**TASK REQUIREMENTS**
In your copy of the data, keep every word exact and include no pictures.
[[ MATERIAL PROVIDED, beginning ]]
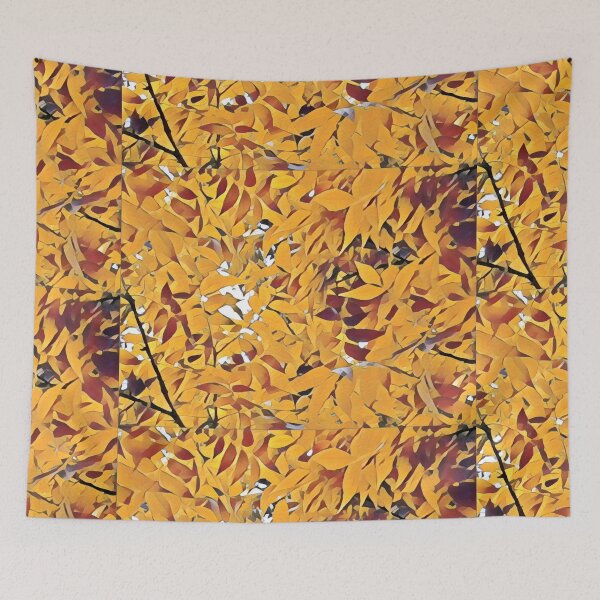 Item preview,  walnut leaves designed and sold by Camporela.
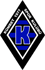 Kümbetspor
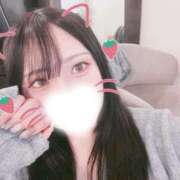 ヒメ日記 2026/02/21 21:19 投稿 ゆあ ぐっすり山田　大阪店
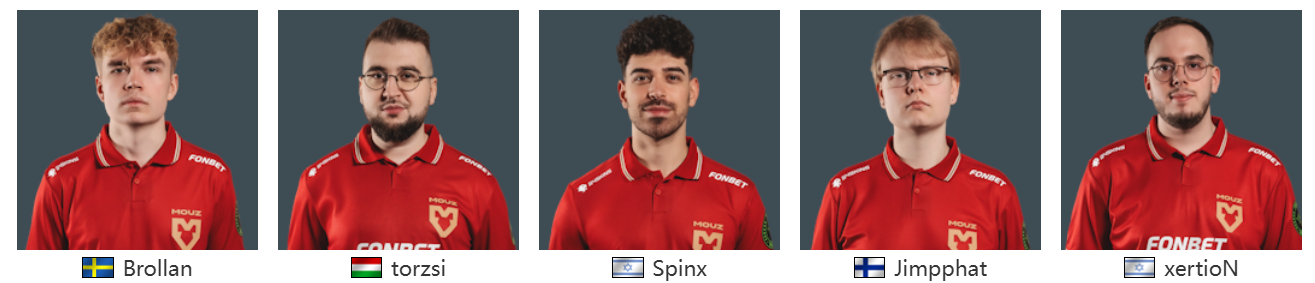 37e4b5b3e948e774409bf0222d1d1ed5.png 4.png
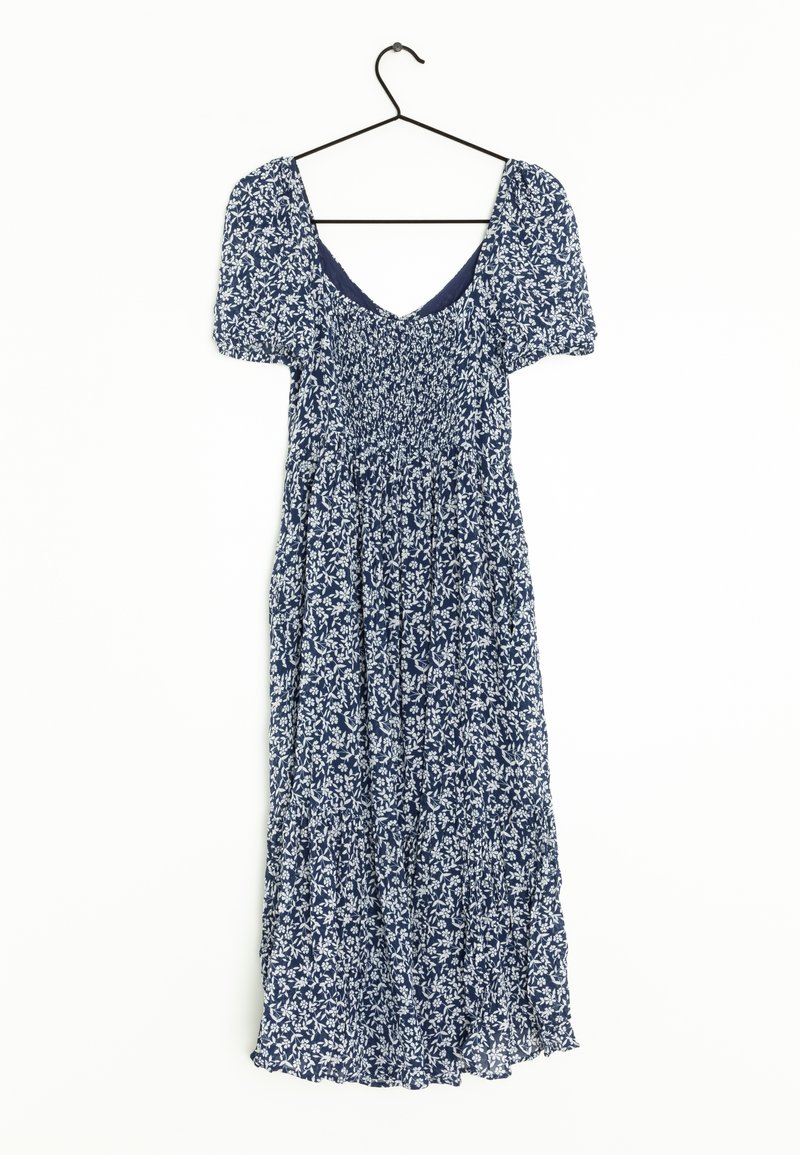 lacey dress Lacey Mini Dress main image 1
[[ MATERIAL PROVIDED, end ]]
**EXERCISE RESPONSE**
 Item preview,  walnut leaves designed and sold by Camporela.
 Kümbetspor
 ヒメ日記 2026/02/21 21:19 投稿 ゆあ ぐっすり山田　大阪店
 37e4b5b3e948e774409bf0222d1d1ed5.png 4.png
 lacey dress Lacey Mini Dress main image 1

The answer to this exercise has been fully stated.